Mrs. Harlowe as Beatrice

Richard Cooper, Mrs. Harlowe as Beatrice, from The Anatomist, or The Sham Doctor, engraving, originally published by John Cawthorne, 1807

          The popular theme of the quack physician became a staple for playwrights such the English playwright Edward Ravenscroft (ca. 1654-1707). Today this author of the Restoration period (1660-1710) is relatively unknown, but his farce The Anatomist or The Sham Doctor, once enjoyed great success both on stage and in multiple editions in print. From the first production in 1696 it was performed regularly at Drury Lane and Lincoln’s Inn Fields until well into the nineteenth century.
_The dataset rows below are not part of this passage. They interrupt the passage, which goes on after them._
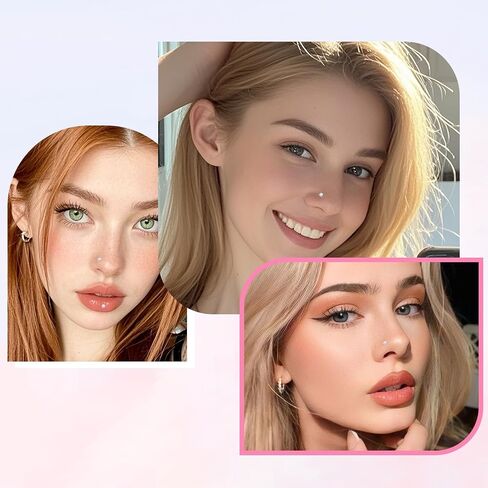 60Pcs Nose Rings Studs, Straight Stainless Steel Nose Studs for Women Men, Sparkly CZ Small Nose Rings Piercing Body Jewelry, 1.5mm Rhinestone and Ideal Gift in Kuwait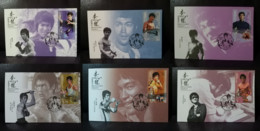 Super Star Bruce Lee Kung Fu Martial Art Hong Kong Maximum Card MC Postcard Set (Pictorial Postmark) (6 Cards) - Maximum Cards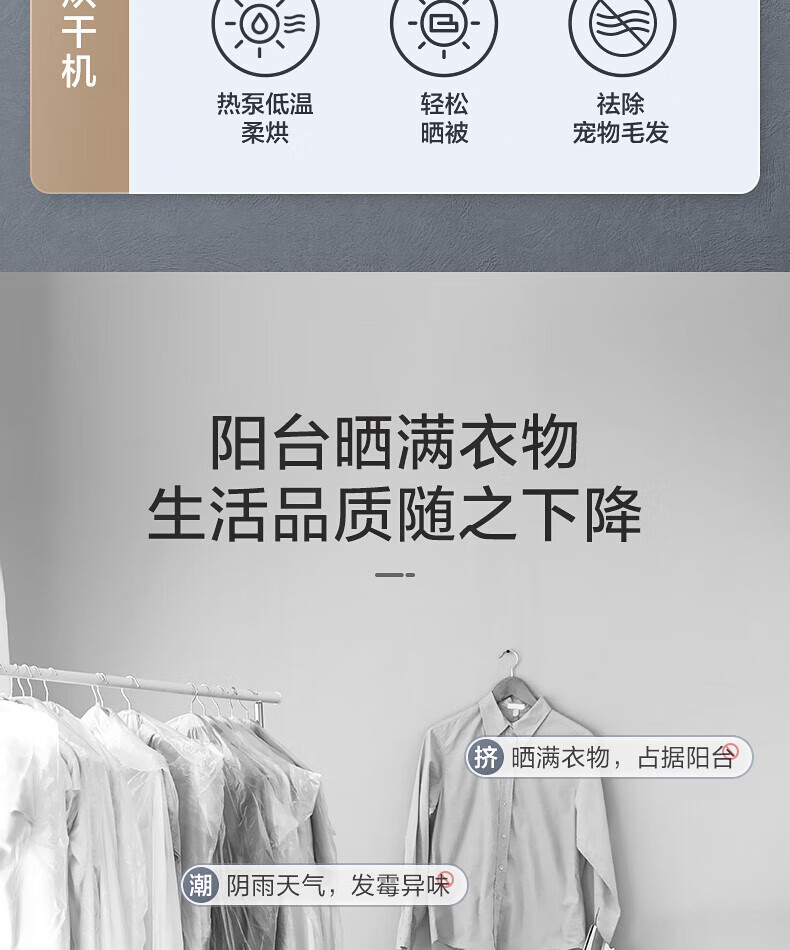 小天鹅（LittleSwan）10KG 热泵烘干机滚筒洗烘套装 TG100V87MIY+TH100VH87WY组合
Its longevity relied on stereotypes developed by Molière, such as the wise and sensible maid-servant Beatrice, portrayed in Rowlandson’s time by Sarah Harlowe (1765-1852), famous for her comedic roles.

Doctor Drainbarrel

Thomas Rowlandson, Doctor Drainbarrel, hand-colored etching, originally published by Thomas Tegg, 1810

          Doctor Drainbarrel, “conveyed home in order to take his trial for neglect of family duty,” depicts an inebriated doctor unwillfully collected from a country ale house.  Pushed in a wheel barrel by a servant with a roving eye, he is followed by his angry wife who doesn’t know her dress has revealed her attributes. The situation forewarns that she has other opportunities if her husband neglects her. A rooster with a flock of chickens imitates the wife’s gesture, as if to say that he knows how to be a better husband than the doctor does. A church included in the background landscape suggests that the doctor should be attending church instead of idling away his time at the pub.